In the course of this work, I was frequently obstructed by BioOne. My IP address kept getting blocked, stopping me from downloading any further papers from this publisher. I should note here that my institution (NHMUK) pays BioOne to provide access to all their papers – my access is both legitimate and paid-for.

Strong claims, require strong evidence. Thankfully I was doing my work with the full support and knowledge of the NHM Library & Archives team, so they forwarded one or two of the threatening messages they were getting from the publishers I was mining. I have no idea how many messages were sent in total. Here’s one such message from BioOne (below)

Blocked by BioOne

Blocked by BioOne

So according to BioOne, I swiftly found out that downloading more that 100 full text articles in a single session is automatically deemed “excessive” and “a violation of permissible activity“.

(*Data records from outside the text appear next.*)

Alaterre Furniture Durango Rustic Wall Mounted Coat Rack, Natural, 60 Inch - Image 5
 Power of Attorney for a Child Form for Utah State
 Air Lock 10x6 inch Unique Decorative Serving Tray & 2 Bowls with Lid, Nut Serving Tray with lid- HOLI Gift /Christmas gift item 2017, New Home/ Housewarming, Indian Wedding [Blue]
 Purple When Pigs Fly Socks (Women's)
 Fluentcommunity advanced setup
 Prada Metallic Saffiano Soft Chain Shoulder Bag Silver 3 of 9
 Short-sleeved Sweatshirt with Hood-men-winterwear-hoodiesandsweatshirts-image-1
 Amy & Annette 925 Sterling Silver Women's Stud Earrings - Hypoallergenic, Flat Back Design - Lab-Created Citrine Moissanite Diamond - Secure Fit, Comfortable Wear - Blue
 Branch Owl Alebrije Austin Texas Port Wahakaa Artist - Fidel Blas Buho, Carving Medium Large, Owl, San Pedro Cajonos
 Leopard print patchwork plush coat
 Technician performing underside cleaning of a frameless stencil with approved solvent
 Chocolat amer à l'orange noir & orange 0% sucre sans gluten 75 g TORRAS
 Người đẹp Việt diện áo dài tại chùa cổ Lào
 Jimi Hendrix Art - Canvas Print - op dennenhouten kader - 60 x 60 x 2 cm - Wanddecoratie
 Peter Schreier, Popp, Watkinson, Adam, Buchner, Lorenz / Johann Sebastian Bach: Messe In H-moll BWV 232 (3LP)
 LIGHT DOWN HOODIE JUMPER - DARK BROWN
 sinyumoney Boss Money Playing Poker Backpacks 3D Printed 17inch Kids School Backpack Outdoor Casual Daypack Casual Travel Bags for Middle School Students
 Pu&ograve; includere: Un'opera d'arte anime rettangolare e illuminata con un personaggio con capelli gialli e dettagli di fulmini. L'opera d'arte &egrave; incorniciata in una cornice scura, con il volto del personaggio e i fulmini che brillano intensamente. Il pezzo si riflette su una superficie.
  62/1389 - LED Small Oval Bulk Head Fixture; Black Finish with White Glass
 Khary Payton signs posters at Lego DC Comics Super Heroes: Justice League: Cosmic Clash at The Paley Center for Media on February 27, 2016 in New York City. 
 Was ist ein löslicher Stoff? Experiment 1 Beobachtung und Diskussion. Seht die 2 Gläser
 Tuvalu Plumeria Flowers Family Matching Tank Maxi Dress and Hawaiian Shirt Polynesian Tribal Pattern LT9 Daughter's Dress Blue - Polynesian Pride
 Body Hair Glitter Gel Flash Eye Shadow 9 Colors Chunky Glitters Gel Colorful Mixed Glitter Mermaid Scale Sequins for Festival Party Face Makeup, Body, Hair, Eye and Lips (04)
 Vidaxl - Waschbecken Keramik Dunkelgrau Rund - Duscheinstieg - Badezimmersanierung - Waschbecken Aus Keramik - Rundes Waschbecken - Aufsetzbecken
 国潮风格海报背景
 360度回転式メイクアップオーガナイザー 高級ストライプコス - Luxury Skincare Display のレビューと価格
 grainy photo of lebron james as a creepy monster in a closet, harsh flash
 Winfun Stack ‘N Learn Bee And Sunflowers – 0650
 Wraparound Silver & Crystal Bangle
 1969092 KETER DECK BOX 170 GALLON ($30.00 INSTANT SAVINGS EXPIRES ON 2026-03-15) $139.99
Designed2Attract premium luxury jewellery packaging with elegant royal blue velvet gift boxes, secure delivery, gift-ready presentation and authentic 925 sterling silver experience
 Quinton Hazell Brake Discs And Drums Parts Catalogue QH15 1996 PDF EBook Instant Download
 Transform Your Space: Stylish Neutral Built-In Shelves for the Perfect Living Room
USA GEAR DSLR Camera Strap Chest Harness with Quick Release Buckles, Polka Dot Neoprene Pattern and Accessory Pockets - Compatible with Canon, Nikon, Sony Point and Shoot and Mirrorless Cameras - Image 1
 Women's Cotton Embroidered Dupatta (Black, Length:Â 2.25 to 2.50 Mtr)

Isn’t that absolutely crazy? In the age of ‘big data’ where anyone can download over a million full text articles from the PubMed Central OA subset at a few clicks, an artificially imposed-restriction of just 100 is simply mad and is anti-science. As a member of a subscription-paying institution I have a paid right to be able to access and analyze this content surely? We are paying for access but not actually getting full access.

If I tell other journals like eLife, PLOS ONE, or PeerJ that I have downloaded every single one of their articles for analysis – I get a high-five: these journals understand the importance of analysis-at-scale. Furthermore, the subscription access business model needn’t be a barrier: the Royal Society journals are very friendly with content mining – I have never had a problem downloading entire decades worth of journal content from the Royal Society journals.

I have two objectives for this blog post.

1.) A plea to traditional publishers: PLEASE STOP BLOCKING LEGITIMATE RESEARCH

Please get out of the way and let us do our research. If our institutions have paid for access, you should provide it to us. You are clearly impeding the progress of science. Far more content mining research has been done on open access content and there’s a reason for that – it’s a heck of a lot less hassle and (legal) danger. These artificial obstructions on access to research are absurd and unhelpful.

2.) A plea to researchers and librarians: SHARE YOUR STORIES

I’m absolutely sure it’s not just Chris & I that have experienced problems with traditional publishers artificially obstructing our research. Heather Piwowar is one great example I know. She bravely, extensively and publicly documented her torturous experiences with negotiating access & text mining to Elsevier-controlled content. But we need more people to speak-up. I fear that librarians in particular may be inadvertently sweeping these issues under the carpet – they are most likely to get the most interesting emails from publishers with respect to these matters.

This is a serious matter. Given the experience of Aaron Swartz; being faced with up to 50 years of imprisonment for downloading ‘too many’ JSTOR papers – it would not surprise me if few researchers come forward publicly.